### [WORK INSTRUCTIONS]
Beginning with the line that holds "Medium Square Nails - caramel beige matte", copy each line exactly through the end of the entries, but leave the pictures out.

-------- RECORDS FOR THE TASK --------

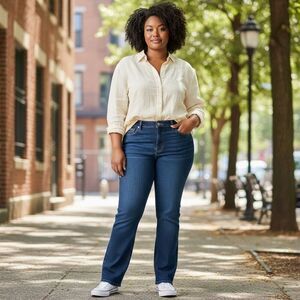 Faded Glory Women Blue Denim Bootcut Jeans Plus Size 18P Organic Cotton Stretch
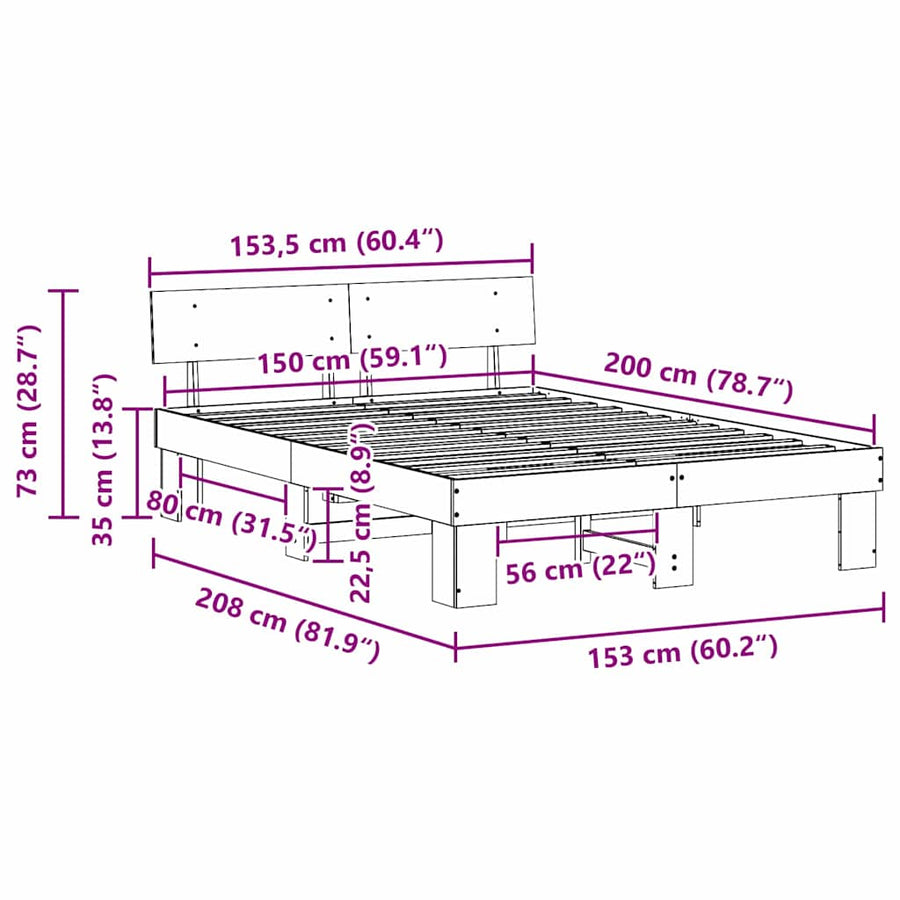 Bedframe met hoofdeinde Bruin 150 x 200 cm Massief grenenhout
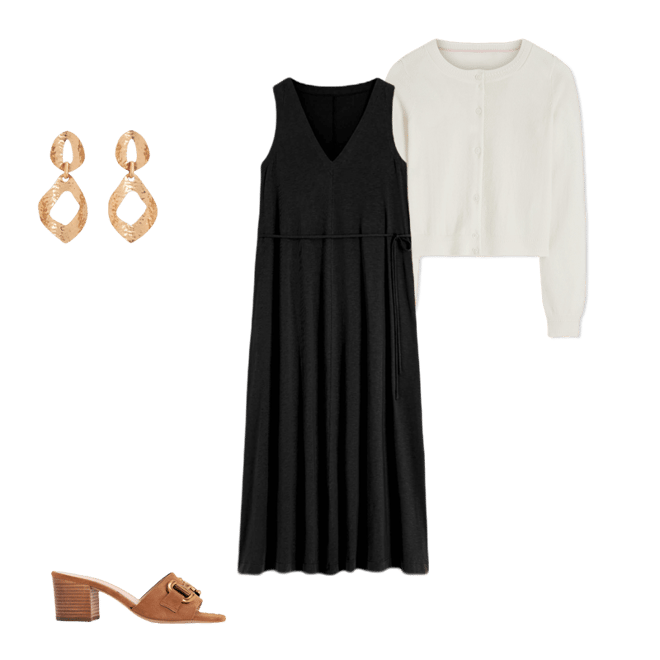 Mia V-neck Jersey Midi Dress-Black | Boden USA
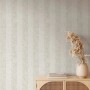 Weiße Marburg Vliestapete GZSZ mit Blockstreifen-Muster, passend zur Serie Gute Zeiten Schlechte Zeiten.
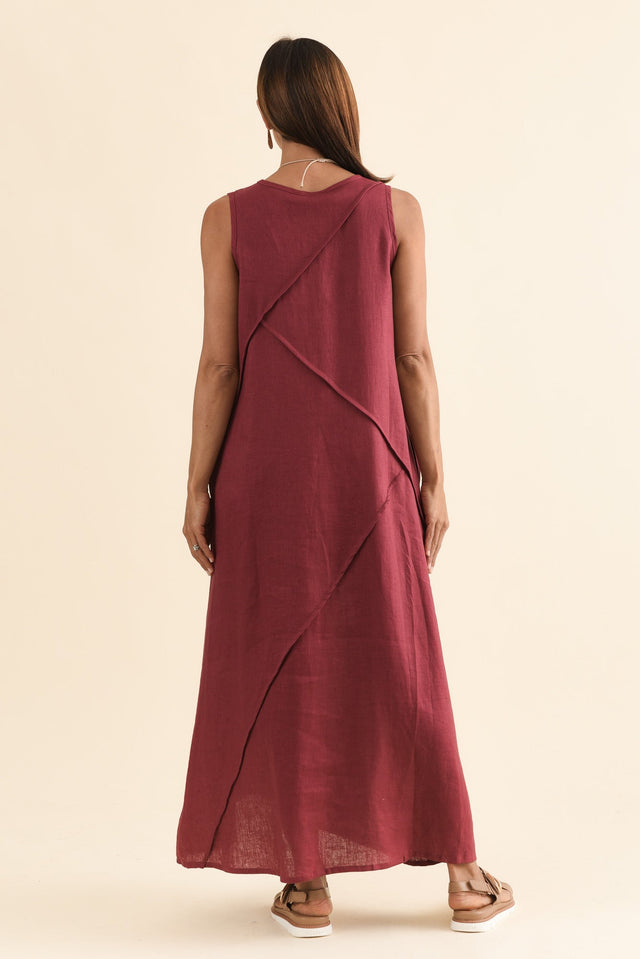 Amari Berry Linen Pocket Dress,Back,Brunette model,alt text|model:Cara image 4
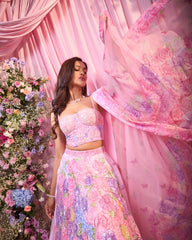 Rose Multicolour Embroidered Lehenga Set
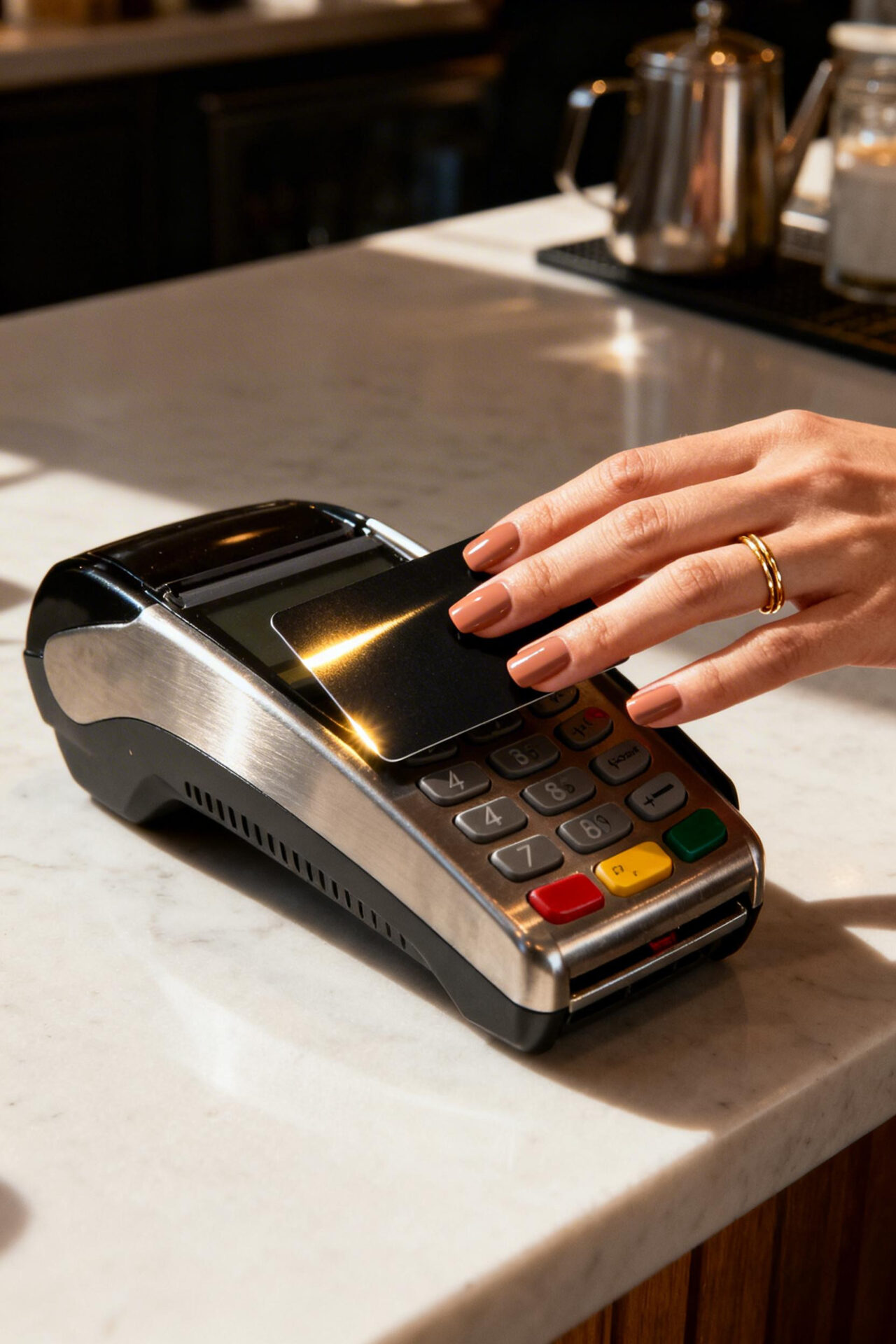 Medium Square Nails - caramel beige matte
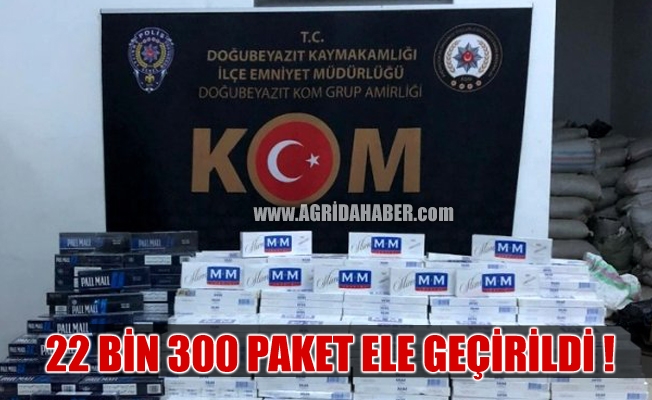 Ağrı#039;da 22 bin 300 paket Bandrolsüz kaçak sigara ele geçirildi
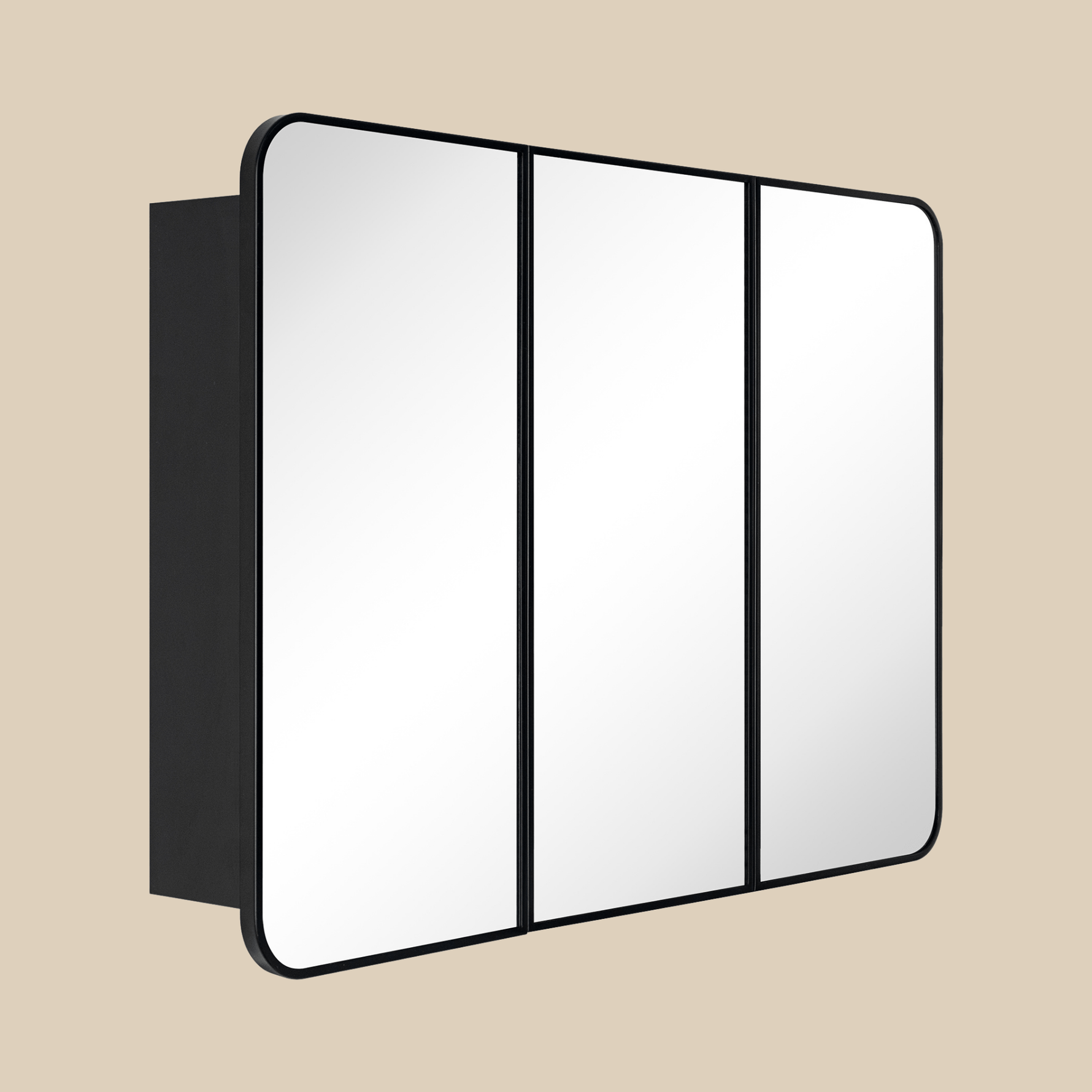 Haven Modern Rectangle Triple Door Recessed and Surface Mount Bathroom Medicine Cabinet with Mirrors GC-XB0049 Black 36x26 TEHOME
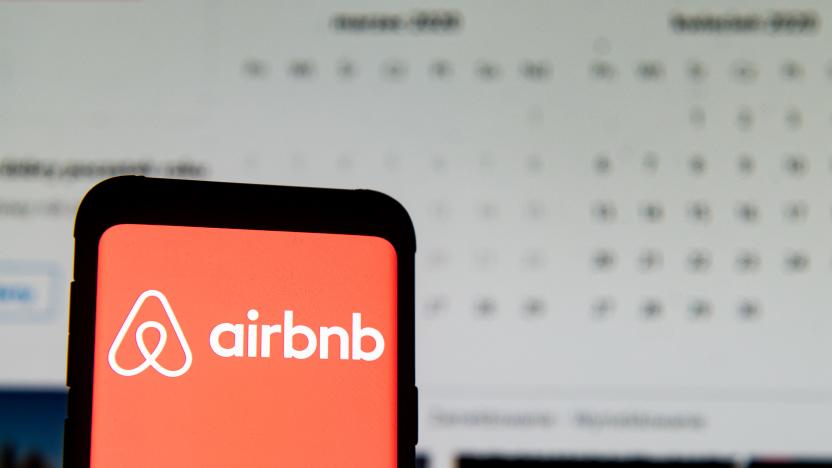 POLAND - 2020/03/23: In this photo illustration an Airbnb logo seen displayed on a smartphone. (Photo Illustration by Mateusz Slodkowski/SOPA Images/LightRocket via Getty Images)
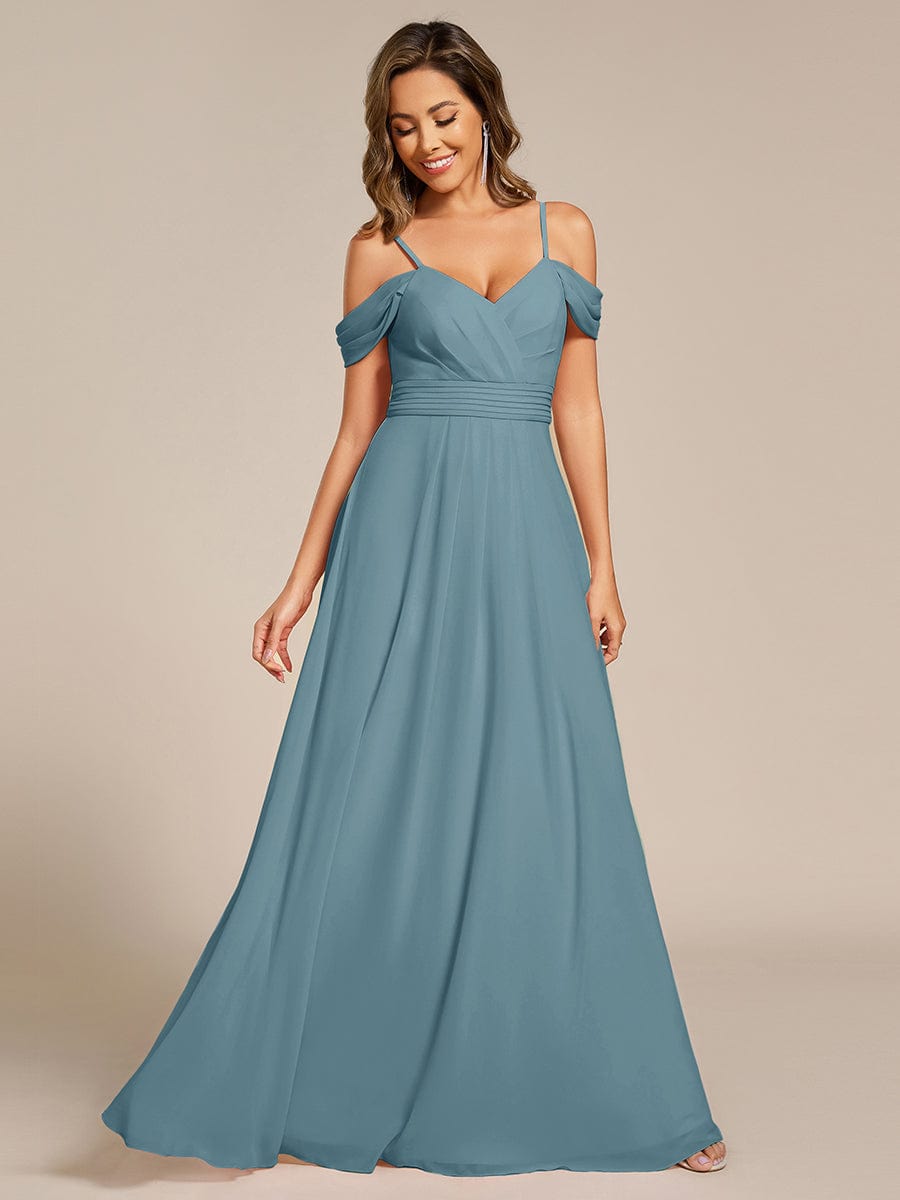 Robe d'invité de mariage trapèze en mousseline fluide à encolure ronde et longueur au genou #Couleur_Bleu Fume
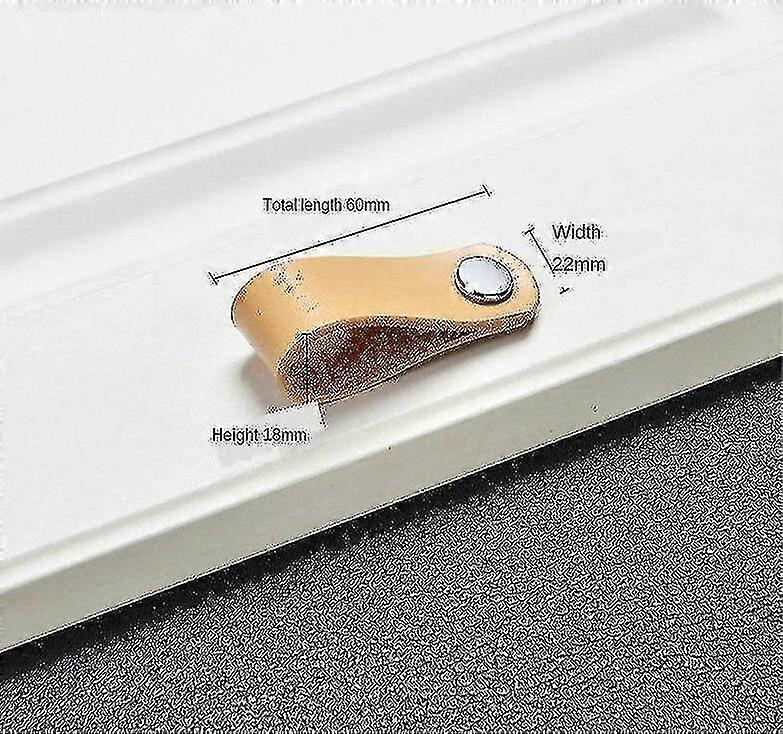 Nordic Style Cowhide Leather Wardrobe Drawer Door Handles(bright Silver)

--------

### [RESPONSE]
 Medium Square Nails - caramel beige matte
 Ağrı#039;da 22 bin 300 paket Bandrolsüz kaçak sigara ele geçirildi
 Haven Modern Rectangle Triple Door Recessed and Surface Mount Bathroom Medicine Cabinet with Mirrors GC-XB0049 Black 36x26 TEHOME
 POLAND - 2020/03/23: In this photo illustration an Airbnb logo seen displayed on a smartphone. (Photo Illustration by Mateusz Slodkowski/SOPA Images/LightRocket via Getty Images)
 Robe d'invité de mariage trapèze en mousseline fluide à encolure ronde et longueur au genou #Couleur_Bleu Fume
 Nordic Style Cowhide Leather Wardrobe Drawer Door Handles(bright Silver)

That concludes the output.